Retail CPI inflation for the month of August 2017 came in sharply higher at 3.36%. This is 100 bps higher than the inflation level in July and 190 bps higher than the level in June this year. This was a concern that the RBI had repeatedly expressed through the Monetary Policy Committee (MPC). In fact, the MPC had warned about upside risks to inflation in the June meet, which is beginning to manifest itself now. At 3.36%, the CPI inflation is getting rapidly close to the RBI comfort zone of 4%. The key question is what drove this inflation higher and what does it guide for the future trajectory of inflation and interest rates in India?
During the last 2 months, the CPI inflation overall has rallied from 1.46% to 3.36% and this has been largely driven by food inflation spiking from (-2.12%) to 1.52%. C ore inflation (which excludes food, transport and fuel) has moved up from 3.96% to 4.05% and therefore the bulk of the CPI inflation impact appears to come from food inflation alone. The impact on core inflation came largely from the impact of GST. The core inflation consists of items of daily usage including soaps, toothpastes and consumer items which have seen a higher impact of GST. The picture becomes a lot clearer when we break up the overall CPI inflation and chart its increase.

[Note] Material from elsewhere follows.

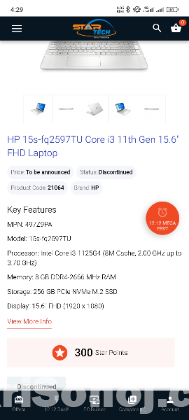 Hp laptop core i3 11 gen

Out of the 190 bps increase in CPI inflation between June and August, nearly 151 bps was accounted for by increase in food prices. While an 18 bps impact came from higher petrol and diesel prices, an impact of 9 bps came from housing related inflation. The balance 12 bps of inflation increase was accounted for by the impact of GST in the month of August.
As the chart above depicts, the spike in food inflation has been much sharper from lower levels. The trend of negative inflation continues in pulses with negative inflation to the tune of nearly -24%. The big shift has been driven by the quantum shift in vegetables from around -15% to a positive +6%. This shift has been visible in markets across India in the last few weeks as a combination of delayed rains in some parts and untimely flooding other parts created acute shortages. Additionally, weak cold storage infrastructure has worsened the problem as wastage has also increased substantially. The pressure on vegetables prices is likely to continue in September too. Cereals and sugar also contributed to higher inflation. Sugar has been seeing a global shortage and that has kept prices buoyant. Next month will also see the impact of import controls on select food commodities as well as the impact of higher MSP offered by the government to farmers. Food inflation promises to be elevated with a positive bias.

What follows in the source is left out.